Is cnvipstar/telcall-twilio safe?

https://github.com/openclaw/skills/tree/main/skills/cnvipstar/telcall-twilio

85
SAFE

The telcall-twilio skill is a straightforward Twilio voice-call integration with no malicious code, prompt injection, or active data exfiltration. The skill passes canary integrity checks, its install contacts only GitHub, and its scripts do only what they claim: store credentials and make API calls to Twilio. The primary concerns are design-level: Twilio credentials are stored in plaintext on disk, the call message is not sanitized before XML interpolation, and the configurable destination number could be redirected by a co-installed malicious skill. These risks are moderate and context-dependent rather than indicative of malicious intent.

Category Scores

Prompt Injection 95/100 · 30%
Data Exfiltration 78/100 · 25%
Code Execution 75/100 · 20%
Clone Behavior 90/100 · 10%
Canary Integrity 100/100 · 10%
Behavioral Reasoning 65/100 · 5%

Findings (8)

MEDIUM Twilio auth token stored in plaintext on disk -12

setup.sh writes account_sid, auth_token, from_number, and to_number into ~/.openclaw/workspace/telcall-twilio/config/twilio.json using a heredoc with direct variable interpolation. While chmod 600 is applied, any process running as the user (including other skills, scripts, or a compromised agent session) can read the auth token and use it to make calls on the user's Twilio account.

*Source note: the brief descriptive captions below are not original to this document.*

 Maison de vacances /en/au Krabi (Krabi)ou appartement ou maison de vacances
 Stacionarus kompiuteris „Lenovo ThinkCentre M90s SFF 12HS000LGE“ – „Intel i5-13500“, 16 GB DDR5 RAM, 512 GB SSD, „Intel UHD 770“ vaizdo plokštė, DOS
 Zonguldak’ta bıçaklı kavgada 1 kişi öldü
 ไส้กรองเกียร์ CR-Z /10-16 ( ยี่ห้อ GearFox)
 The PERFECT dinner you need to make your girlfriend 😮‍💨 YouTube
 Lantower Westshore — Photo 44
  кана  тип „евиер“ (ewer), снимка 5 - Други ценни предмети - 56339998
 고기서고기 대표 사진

MEDIUM Hardcoded destination can be overwritten; enables call redirection -15

The to_number field in twilio.json is user-configured during setup but stored as a plain writable JSON file. Any skill or agent with write access to the user's home directory can silently change to_number, redirecting future emergency calls to an attacker-controlled phone number or to arbitrary third parties. The skill description implies calls go to the user, but there is no runtime validation that to_number matches any expected value.

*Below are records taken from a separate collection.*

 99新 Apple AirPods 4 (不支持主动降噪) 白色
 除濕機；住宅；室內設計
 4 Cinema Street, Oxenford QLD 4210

LOW Unsanitized message parameter enables TwiML XML injection -10

call.sh constructs TwiML by embedding $1 (the agent-supplied message) directly into an XML string without escaping. An agent or user providing input containing XML metacharacters (e.g., ), could break the TwiML structure or inject additional TwiML verbs, potentially redirecting call audio or behavior.

LOW Call message content transmitted to third-party Twilio infrastructure -10

Every call message is URL-encoded and POSTed to api.twilio.com as the Twiml parameter. If an agent is prompt-injected by a malicious document or another skill into calling with a message containing sensitive data (e.g., API keys, PII, secret tokens), that data would be transmitted to and logged by Twilio's servers outside the user's control.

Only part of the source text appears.